Now, don't get me wrong, I'm not just being lazy for the sake of being lazy. I would gladly search through my eBooks folder for the file if it wasn't overly complex. However, when you consider that the eBooks folder is 17.6GB is size, with over 2607 files, you might start to see why I wanted to be able to search. Additionally, I have broken the books into folders based on the names of the publisher, but there are still 1396 items that are outside of this folder (due to not having any easily identifiable way to associate them with their publisher, other than opening the file and eyeballing the first/second page, a process which takes a long time for so many files). Even within each folder (O'Reilly for example), there are inconsistencies, with some files having the year at the start of the filename, some having just the book name, some having the book name with full stops instead of spaces, some having the publishers name on the start (and even then, some being Oreilly and some being O'Reilly), and other inconsistencies in naming. I have recently written a script that goes through the filenames and removes the publisher and replaces dots with spaces, but that is a story for another post.

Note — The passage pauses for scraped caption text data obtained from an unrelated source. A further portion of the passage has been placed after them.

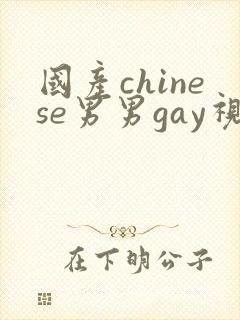 国产chinese男男gay视频网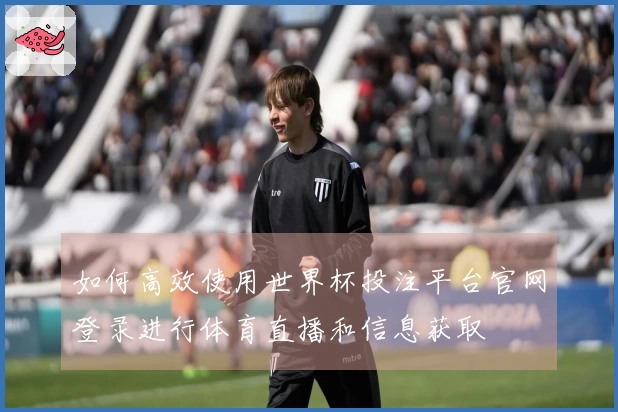 如何高效使用世界杯投注平台官网登录进行体育直播和信息获取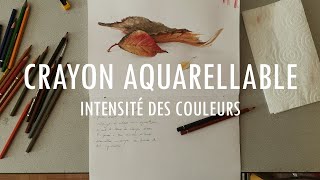 Crayon aquarellable  possibilités infinies amp intensité des couleurs [upl. by Uoliram]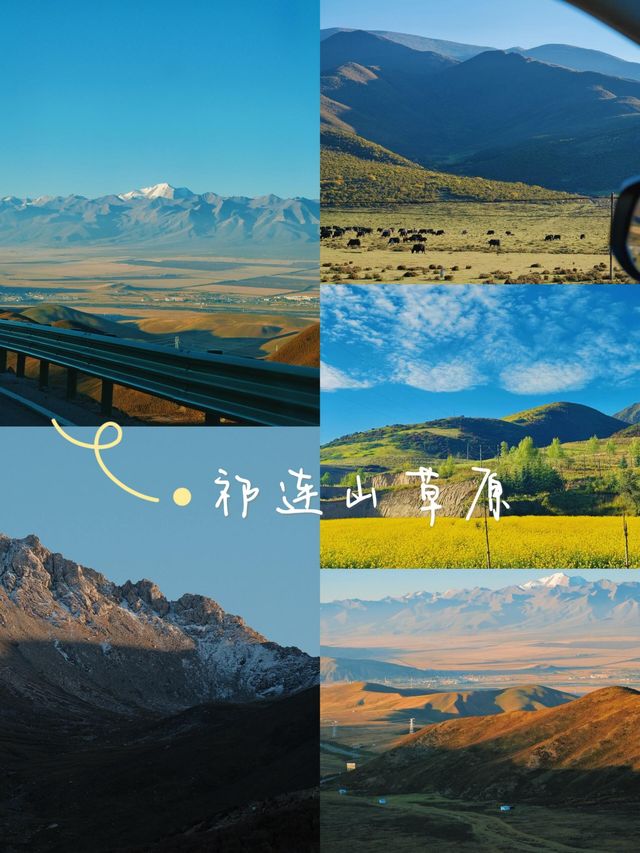 青甘大環線6天5夜｜西北色卡收集指南，速來抄作業！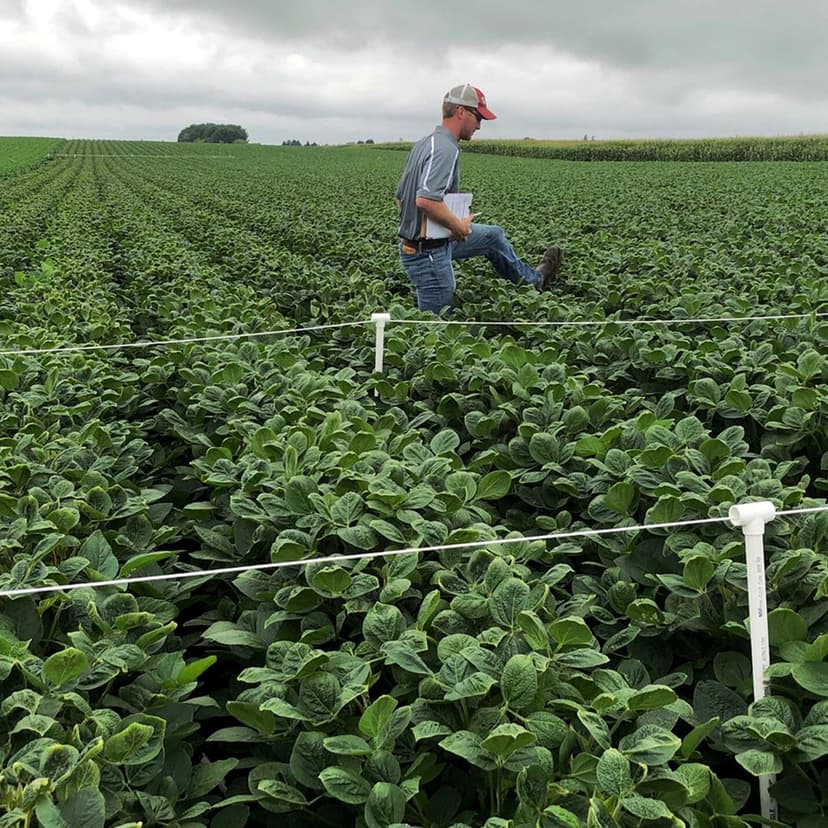 Controversial Weedkiller Dicamba Receives Green Light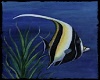 ~B~Marine Life #4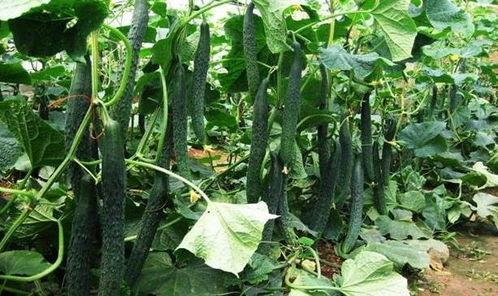 白梅瓜怎么吃最好呢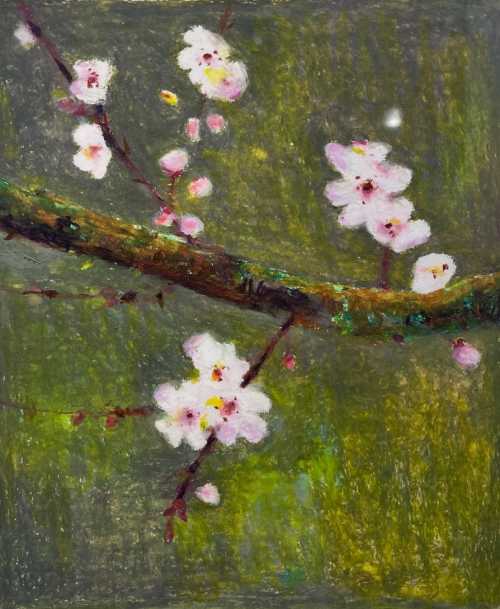 آرتچارت | شکوفه‌های بهاری از شاهو بابایی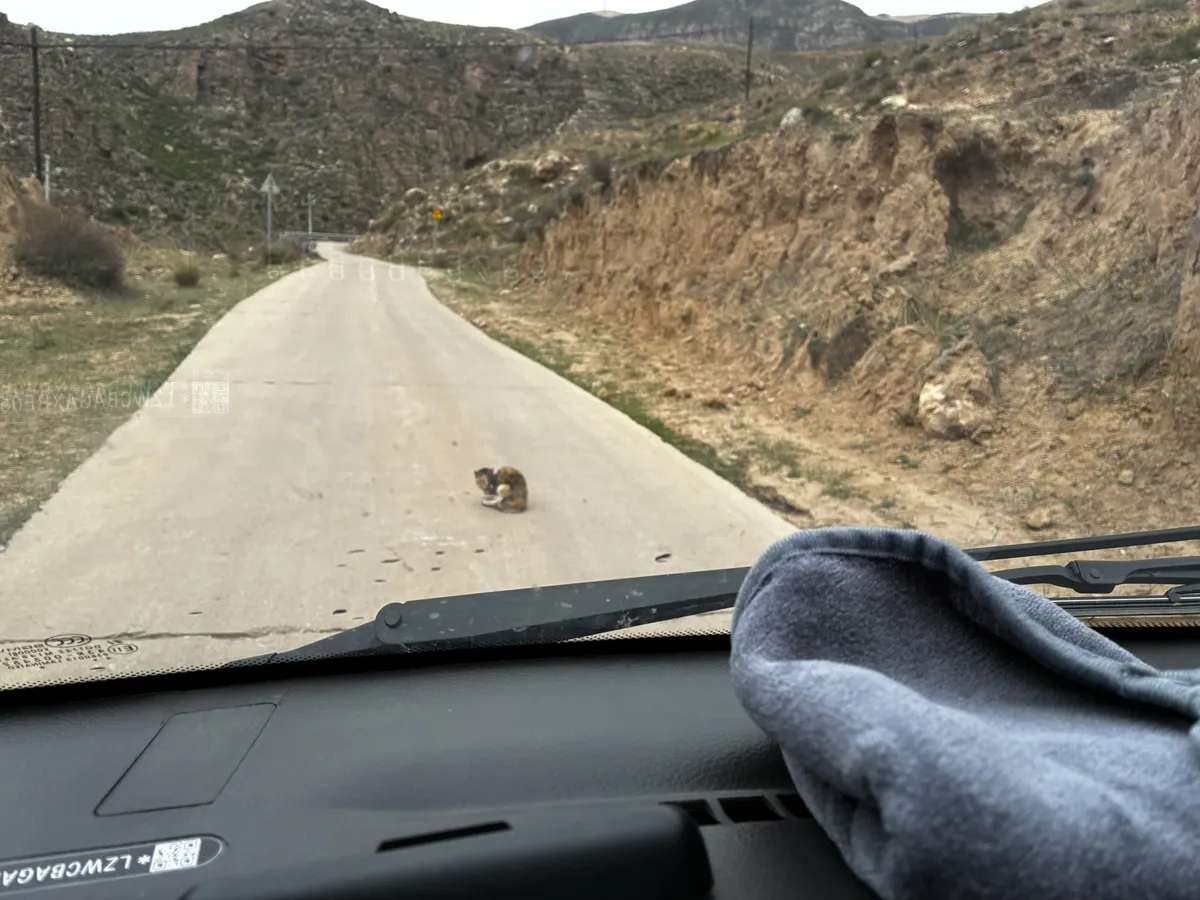 从车里拍的山谷水泥路,路中央蹲着一只小猫,两侧是黄土山坡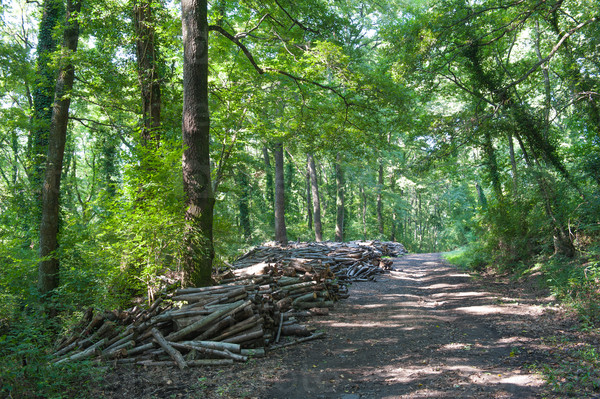 Pile of wood in oak forest with pathway and green tall trees in background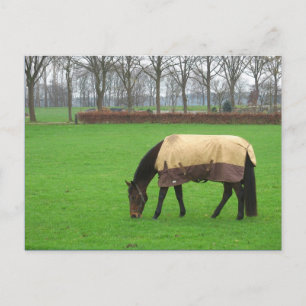 Horse in Meadow Postcard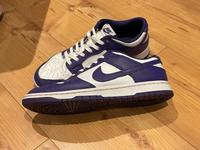 Nike Dunk Low Retro white purple weiß lila Gr.45 1A Zustand Hessen - Groß-Bieberau Vorschau
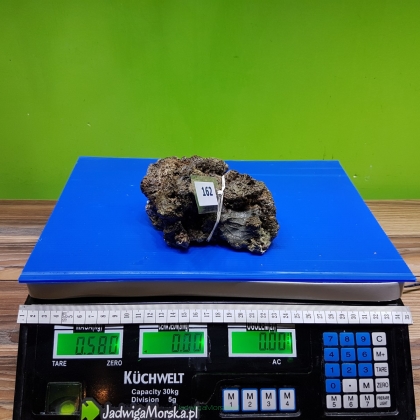 Żywa skała 0.58 kg (65 pln/kg) nr 162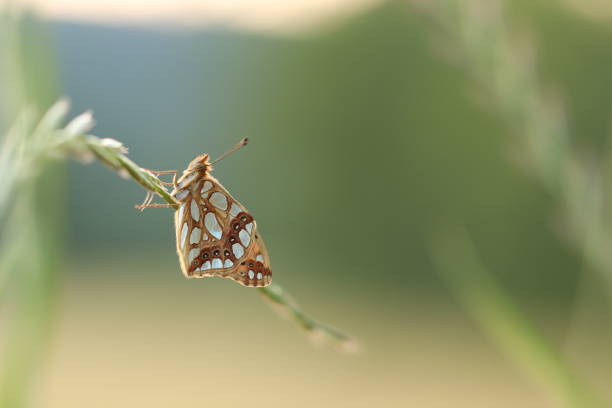 An issoria lathonia Butterfly on a flower at sunset in spring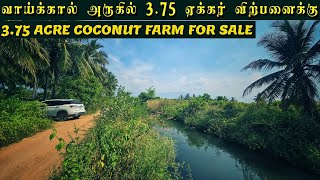 375 ACRE COCONUT FARM FOR SALE  375 ஏக்கர் அழகிய தென்னந்தோப்பு விற்பனைக்கு realestate best [upl. by Blase]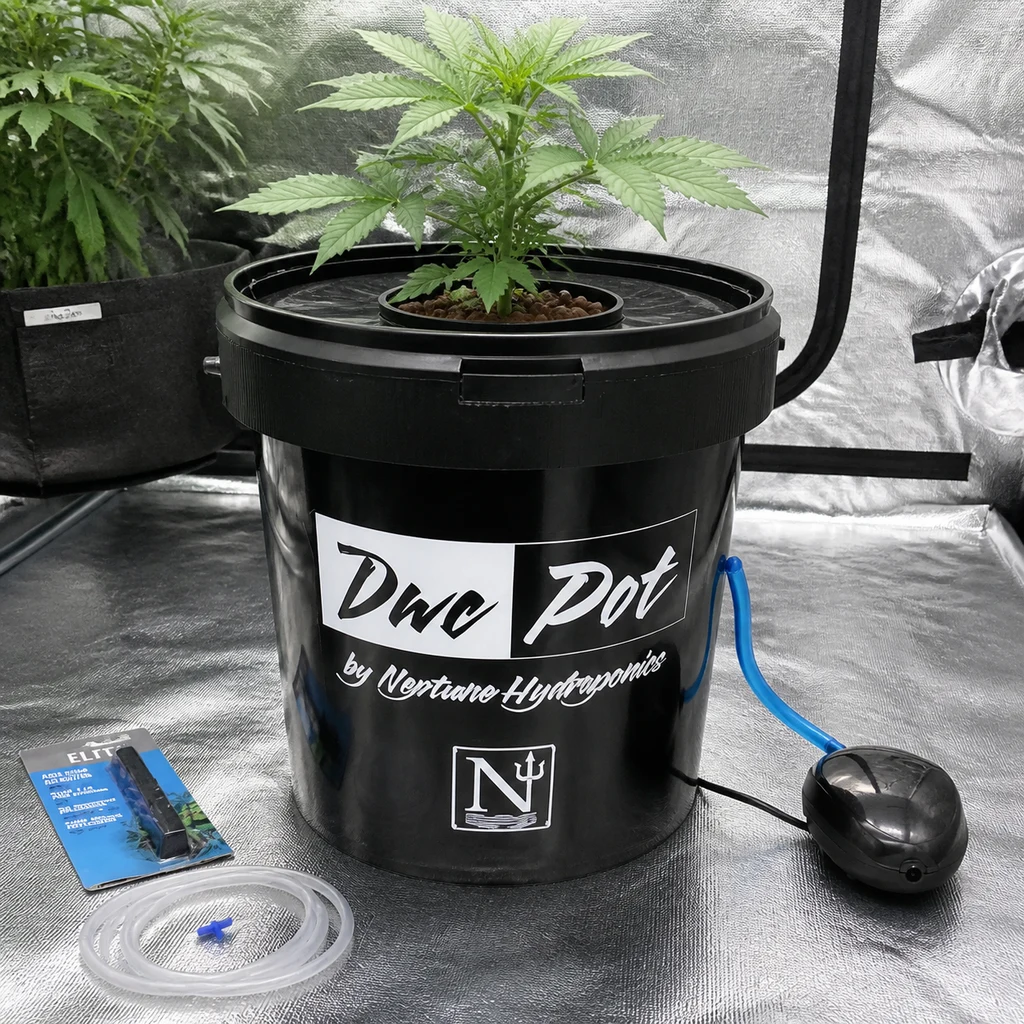 Escena generada del DWC Pot de Neptune Hydroponics con una planta en la tapa, tubo azul y bomba de aire en un recinto reflectante.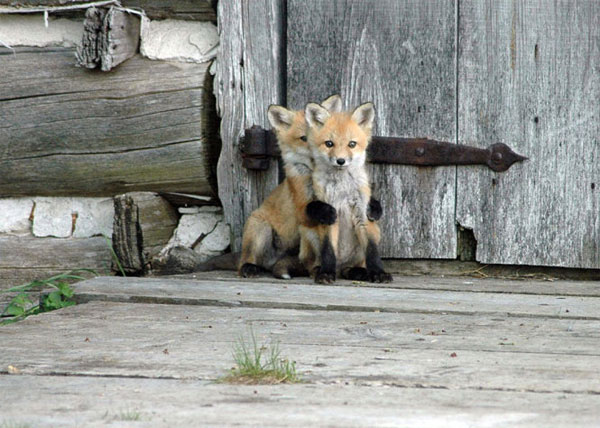 Picture 5 of 7 most beautiful foxes in the world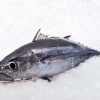 BONITO DEL NORTE, UN PESCADO ESPLÉNDIDO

So as you can see, it's not just laziness (although laziness is one of the three virtues of great Perl programmers). So I threw together a script that I would be able to type the keyword I was searching for in, and it would output a listing and way to get to each of the files that matched. This resulted in:

#!/usr/bin/perl
 
use File::Find;
 
$dir = ".";
$searchTerm = shift;
find ( sub { print "$File::Find::name\n" if $_ =~ /$searchTerm/i; }, $dir);

Now, I had trouble understanding the find function (part of File::Find myself, so I'll give you a quick rundown. Basically, the find function looks in the directory listed in it's second argument ($dir in this case) for files, and each of the names of the files is then passed to the subroutine named in the first argument. In this case, I have used an anonymous subroutine. The rest is fairly simple, $File::Find::name includes the full path to the file, and the regular expression just checks to see if the filename matches.

This worked perfectly fine, but then I got the idea that I might want to limit the results even more by allowing for multiple keywords. For example, if I just write "Cookbook" as the keyword, I get 64 results (all but two being in the O'Reilly directory). If I'm looking specifically for where Perl Cookbook is, this can be a few too many results to easily skim. But if I can put in the arguments Cookbook and Perl for my script, and only print the result if both match, then I'll be much better off.

The second version of the script came out like this:

#!/usr/bin/perl
 
#
# Date: 13/02/2008
#
# Author: Adrian Pavone
#
# This script takes any number of keywords as arguments, and then
# searches the current directory, and all subdirectories, for those
# keywords. It only returns a match if it finds all keywords in the
# same filename.
#
 
use File::Find;
 
$dir = ".";
@searchTerms = @ARGV;
 
find ( sub {
          for my $term (@searchTerms) {
              return unless $_ =~ /\Q$term/i;
          }
          print "$File::Find::name\n";
       },
       $dir);

This script includes a comment header obviously, which makes it better for if I have to come back to it later (with such a short script, it's not neccessarily required, but with the name of find.pl or search.pl, the filename could mean a number of different things). Now to the modifications to the script, it's obvious now that I am accepting any number of terms as an array, and then looping each of these values. They are then being checked against the filename, and if all match, the filename is printed. The \Q is used to protect against accidental insertion of regular expression special characters, and more can be read about this by going to http://perldoc.perl.org/perlfaq6.html#How-can-I-quote-a-variable-to-use-in-a-regex%3f.

The new script is now much more versatile, and has been inserted into my Perl utilty toolkit as a replacement for the find utility, primarily due to the fact that the find utility is not available on Windows (by default anyway), whereas Perl is installed on every box that I use for any considerable amount of time. It also means that I have something that I can easily call from my own scripts whenever needed.